In pratica, chi ha redatto questo autentico cameo legislativo in sede governativa e chi lo
approverà in ambito parlamentare non potrà neanche intorbidare le acque (per rimanere in tema)
con i consueti approcci di basso profilo, per non dire apertamente mistificatori, sulla residualità
delle questioni ambientali e sulla loro recessività di fronte alle sacre istanze dell’economia e della
crescita; chi ha ideato questa norma e chi la voterà sa e saprà benissimo che essa incide
direttamente su un “rischio sanitario”, ossia sulla salute e sulla malattia delle persone che vivono
in un dato territorio. Sulla loro vita e sulla loro morte.
E quel legislatore, quello governativo e, di risulta, quello parlamentare, non potranno
neanche accampare l’altrettanto bolso alibi per cui “ce lo chiede l’Europa”.

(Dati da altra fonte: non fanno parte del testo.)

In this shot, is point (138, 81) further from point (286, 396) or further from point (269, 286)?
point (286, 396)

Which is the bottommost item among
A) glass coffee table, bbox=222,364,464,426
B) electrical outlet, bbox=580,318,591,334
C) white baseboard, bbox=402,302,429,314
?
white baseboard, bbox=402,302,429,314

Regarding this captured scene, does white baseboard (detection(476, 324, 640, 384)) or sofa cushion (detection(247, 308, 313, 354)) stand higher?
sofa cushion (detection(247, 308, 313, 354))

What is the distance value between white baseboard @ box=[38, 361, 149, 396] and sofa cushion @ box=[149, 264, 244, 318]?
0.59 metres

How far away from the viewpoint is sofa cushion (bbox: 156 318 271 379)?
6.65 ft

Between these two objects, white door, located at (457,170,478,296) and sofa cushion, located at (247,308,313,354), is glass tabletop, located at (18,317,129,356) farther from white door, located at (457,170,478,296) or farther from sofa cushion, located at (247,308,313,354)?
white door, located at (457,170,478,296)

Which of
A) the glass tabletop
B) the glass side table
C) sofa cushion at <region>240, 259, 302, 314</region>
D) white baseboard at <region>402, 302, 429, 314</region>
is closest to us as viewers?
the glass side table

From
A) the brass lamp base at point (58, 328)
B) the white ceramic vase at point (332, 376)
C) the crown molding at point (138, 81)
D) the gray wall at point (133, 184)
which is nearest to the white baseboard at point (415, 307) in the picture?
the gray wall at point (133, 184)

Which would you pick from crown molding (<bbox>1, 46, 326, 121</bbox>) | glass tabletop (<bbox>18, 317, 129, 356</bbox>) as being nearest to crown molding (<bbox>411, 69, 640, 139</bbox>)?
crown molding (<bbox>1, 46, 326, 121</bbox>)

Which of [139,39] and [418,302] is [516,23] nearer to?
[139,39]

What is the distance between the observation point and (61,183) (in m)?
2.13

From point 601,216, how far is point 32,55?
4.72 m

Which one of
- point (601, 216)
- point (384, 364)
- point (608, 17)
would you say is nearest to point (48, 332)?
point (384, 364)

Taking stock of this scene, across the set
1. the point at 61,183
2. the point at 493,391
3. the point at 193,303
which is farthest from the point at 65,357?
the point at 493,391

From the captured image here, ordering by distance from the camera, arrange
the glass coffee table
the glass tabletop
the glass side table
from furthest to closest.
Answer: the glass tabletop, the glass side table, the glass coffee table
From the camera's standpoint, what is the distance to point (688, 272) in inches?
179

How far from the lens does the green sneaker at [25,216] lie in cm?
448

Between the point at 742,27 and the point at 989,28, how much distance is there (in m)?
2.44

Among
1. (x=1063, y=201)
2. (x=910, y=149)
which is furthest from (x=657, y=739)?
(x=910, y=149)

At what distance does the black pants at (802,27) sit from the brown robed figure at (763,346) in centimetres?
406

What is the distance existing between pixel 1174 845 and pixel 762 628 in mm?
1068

Perché se c’è una cosa che chiede l’Europa è che “chi inquina paghi” (art. 191 Trattato di
Lisbona).
Ai tempi in cui regnava incontrastato l’organizzatore di cene eleganti (tempi remoti, com’è
noto; oggi è cambiato tutto), sulla “riforma” dell’art. 41, c . 2, della Carta, sulla rimozione, o
comunque sul sostanziale ridimensionamento, della clausola di salvaguardia lì contenuta
dell’utilità e della sicurezza sociale si faceva solo “ammuina”: proclami chiassosi che sortivano
l’ovvio effetto di svegliare per breve tempo anche i più narcolessici tra gli studiosi e “l’opinione
pubblica”, con la conseguenza che si faceva tanto rumore per nulla.
Oggi non è più così.
Oggi c’è il governo del fare.
E il governo fa.
In maniera schiva e riservata, clandestina quasi, ma, dal suo punto di vista, assai efficiente.
In nome della semplificazione, della semplicità.
Si narra che il teologo riformatore boemo Jan Hus, antesignano per molti versi di Martin
Lutero, vedendo una vecchietta che, per stoltezza, aggiungeva legna al rogo sul quale egli stava
per essere arso, proferì la nota espressione “o sancta simplicitas!” (o santa semplicità!).
Gli uomini e le donne amanti della Costituzione e sensibili alla tutela dell’ambiente e della
salute pubblica devono esser assai vigili in questo periodo, anche e soprattutto nei confronti di parole d’ordine in sé difficilmente contestabili, al punto da diventare veri e propri mantra politico
– culturali, come, per l’appunto, quella della “semplificazione”.
In caso contrario, si rischia di lasciar alimentare, e non solo da zelanti vecchiette, il rogo sul
quale brucerà quel che resta dei diritti fondamentali esistenti in questo paese.